What I found was that, yes, it is likely that COVID deaths WILL be lopsided enough to affect the balance of political power, although it will be most likely at the local level and will probably not have a significant effect on national politics in the next congressional and presidential election cycle.
Caveats
I do not claim to be an expert in demographic analysis. This work is my own and done at an amateur level. (But I believe its conclusions to be instructive.)
This analysis does NOT consider the changes in voting due to satisfaction with how politicians are handling COVID – it ONLY considers how many voters become unavailable to each political party, considering the deaths.
This analysis makes some assumptions about COVID case rates and deaths moving forward. Such assumptions are naturally required for any forecast.

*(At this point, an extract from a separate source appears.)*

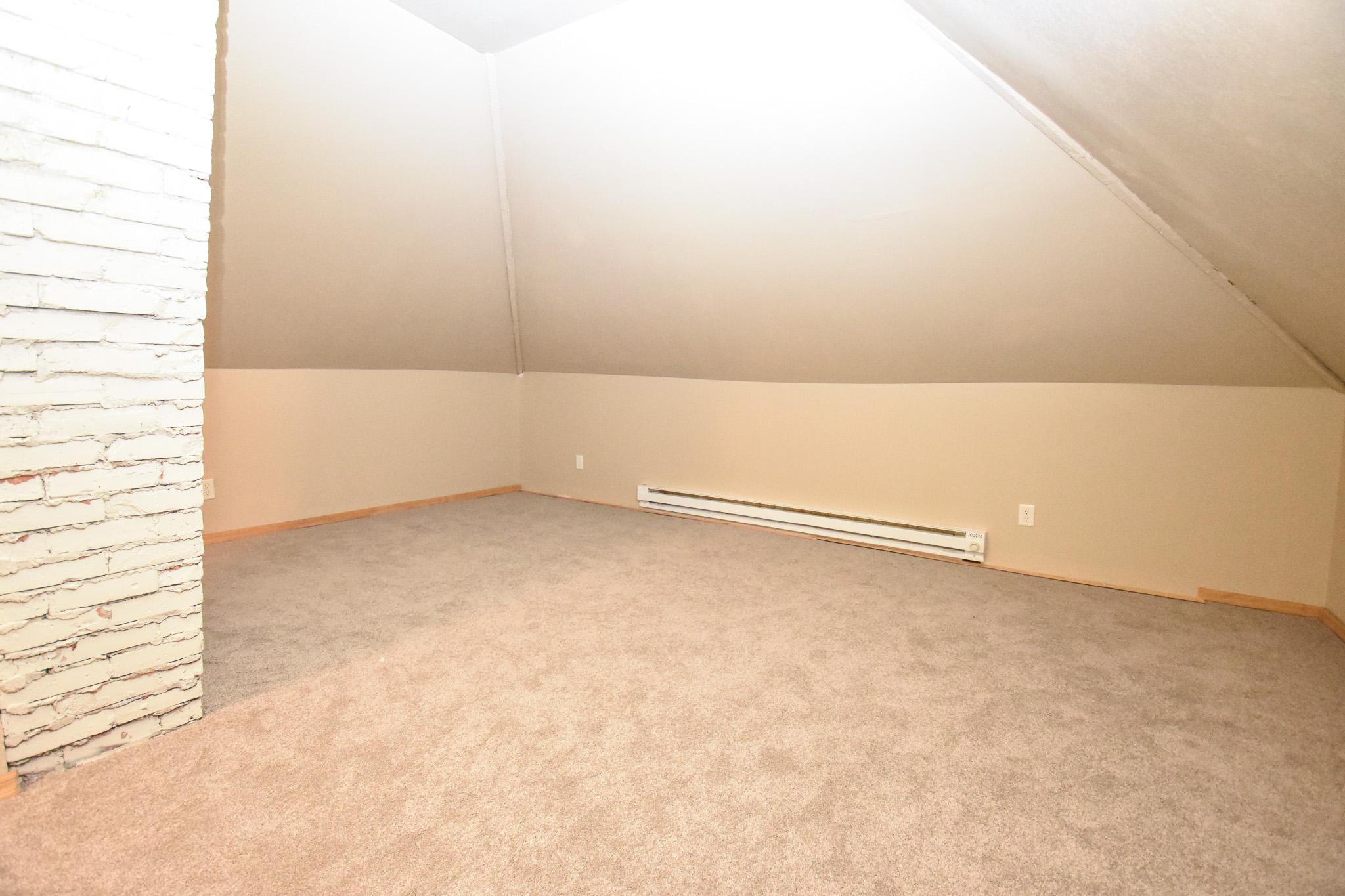 1114 University Drive N Property Photo 26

This analysis does not consider other demographic factors such as age, wealth, race, or housing, each of which could be used to refine the model and produce more accurate results.
Analysis of the Situation So Far
Across the United States, there has been a decided imbalance in COVID death rates for counties based upon their political swing, as shown in this figure. This imbalance, in general, is indisputable (based on raw data, not any assumptions) and appears to be a result of personal choices about masking and social distancing, plus local movement restrictions and masking policies, and compliance with those policies.
(Note: All the graphs on this page that show a -100% to +100% scale across the horizontal axis use the difference between vote percentages for President Trump and Vice President Biden in 2020. For example, a county that voted 60% Trump, 35% Biden would have a -35% value assigned.)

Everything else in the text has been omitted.